Just like CS112
We need 5 bits to encode whole aphabet.
We can do it in a better way.
We can have shorter encodings for more frequent letters.
This will work as long as prefixes don't overlap.
Goal is to minimize ABL (Average # of bits per letter)
Calculate ABL with ABL = sum ( frequency * #bits)
It would actually be pretter interesting if they explained how they got this formula. It wouldn't help me learn at all, but it would have been cool
How to minimize it? Brute force? If that was the answer we wouldn't be studying this.
Use binary tree to represent encoding. encoding is the path you take to get to the letter (all letters are on leaves)
0 left 1 right
There's a proof in the book about how the tree has to be full. I thought this was pretty intuitive. I don't know if this is because I've seen this before or if it actually is just pretty intuitive.
Proof is on page 168
We know it makes a lot of sense to have the most frequent letters near the top of the tree and to have letter with similar frequencies to have similar bit lengths.
This is how we are going to put them in the tree.
More frequent → higher up in teh tree → fewer bits
Similar frequency → sibilings or similar # bits
Algorithm on Page 172.
Informal and intuitive explanation below
Put em all in a priority Q
Grab two with lowest frequencies (so that they can be toward the bottom of the tree) and make them have a common parent. make the parent's frequency the sum of those of it's children. this is O(log n)

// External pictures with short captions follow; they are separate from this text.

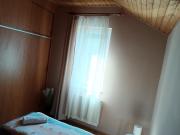 My Home Tulipán
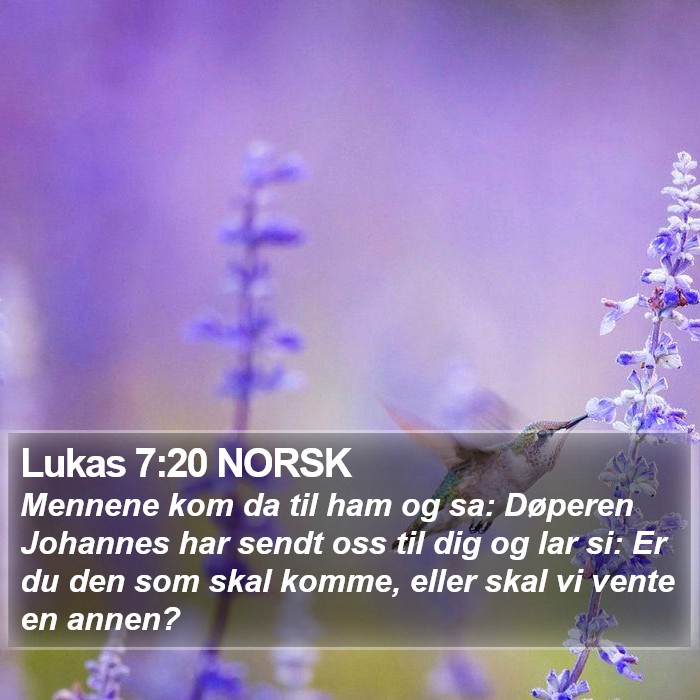 Lukas 7:20 NORSK Bible Study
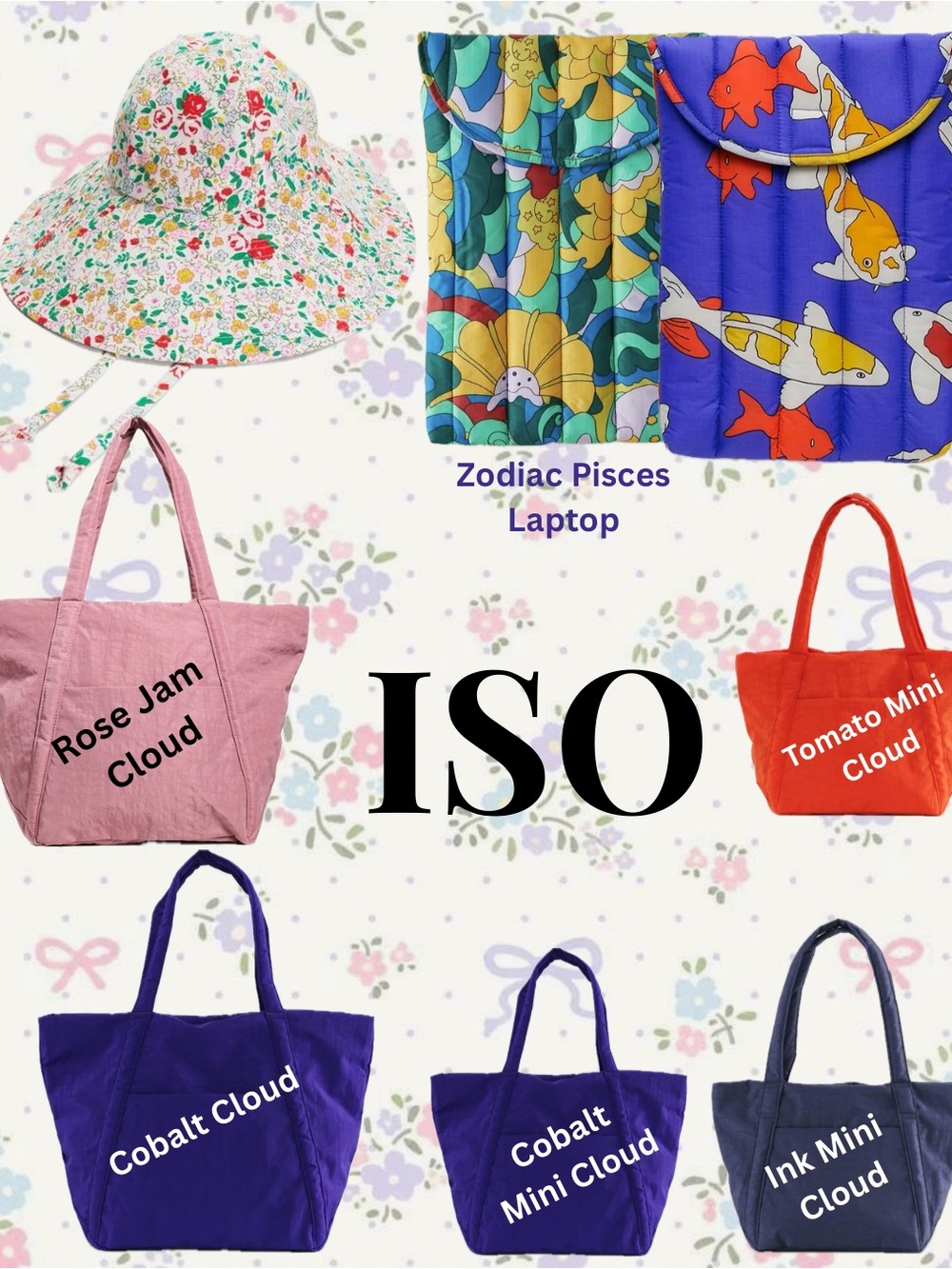 ISO!!! BAGGU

Do this over and over until we only have on thingy in the PQ.
This is our tree.
This leads us to have similar frequency letters on similar levels.
We only do this n-1 times because we remove two items from the PQ and add one, with a net loss of 1 item, and we do this until there is only one item left in the PQ
So, the whole algorithm is O(nlogn)
Proof on page 174-175 for optimality
Informal explanation of proof
Contradiction proof
Suppose this algorithm is not optimal.
This means there is some subtree Z such that the ABL of Z is less than the ABL of the entire tree
We know that there is at least one subtree Z where (because the entire tree is full) two letters are the leaves of some node in Z. Let us call these letters y and x.
If we delete y and x and label their former parent w
I don't really understand the rest of the proof. It's very confusing. I'll have to keep looking at it.